Those hard-right rabblerousers infamously called feminists “feminazis”. Now the woke left calls them “Nazi-adjacent”. In both cases the low aim is to shame women into silence, to drive these uppity broads off the streets and back into the kitchen, presumably.

Posie and her allies are defending reason and freedom.

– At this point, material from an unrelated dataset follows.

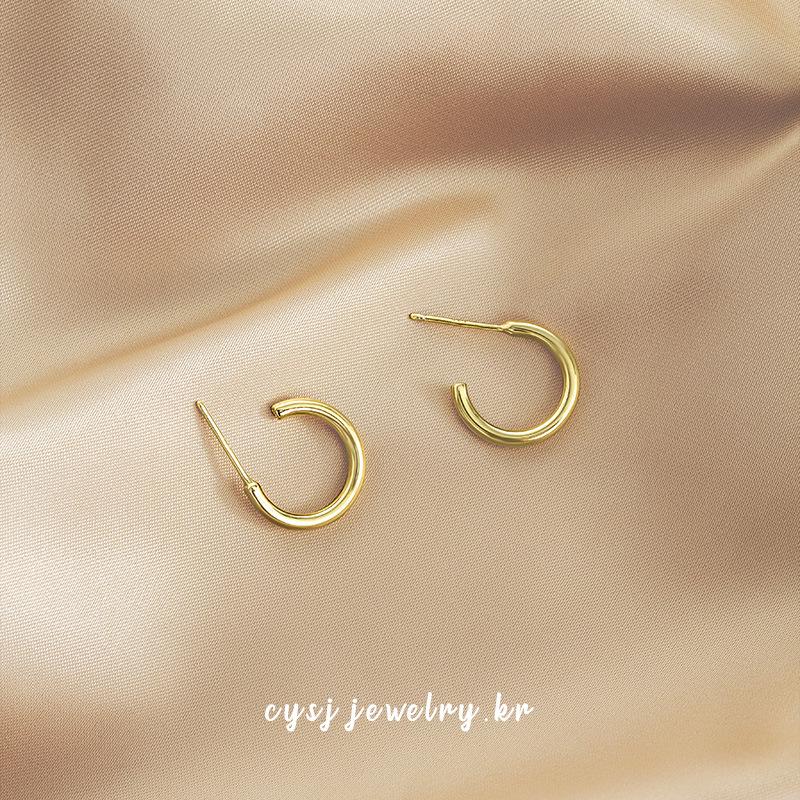 Sterling Silver Korean Dongdaemun Minimalist Large Round Hoop Earrings for Women 925 Silver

They’re standing up for biological truth and the right of women to express themselves.

Their woke persecutors, meanwhile, are the foot soldiers of irrationalism. They fantasise that there are 72 genders and they clamour for the silencing of all who disagree.

Liberty or absurdity? I know which side I’m on.

Thank you Brendan.

Figures
Figures
March 24, 2023 1:45 pm

I’m not sure about these microbes in sewage claims. They were popular during the COVID panic, but there is no evidence that they proved a thing.

They prove that the germ theory is a lie is what they prove.

They also prove that the so-called “eradication” of diseases (like smallpox or polio or rinderpest) are abject lunacy. When the narrative is that the disease no longer exists, then we stop looking for the supposedly culpable germ and if we observe the symptoms in people we call it something else. If, however, the narrative changes and we want to find it again, then find it we will.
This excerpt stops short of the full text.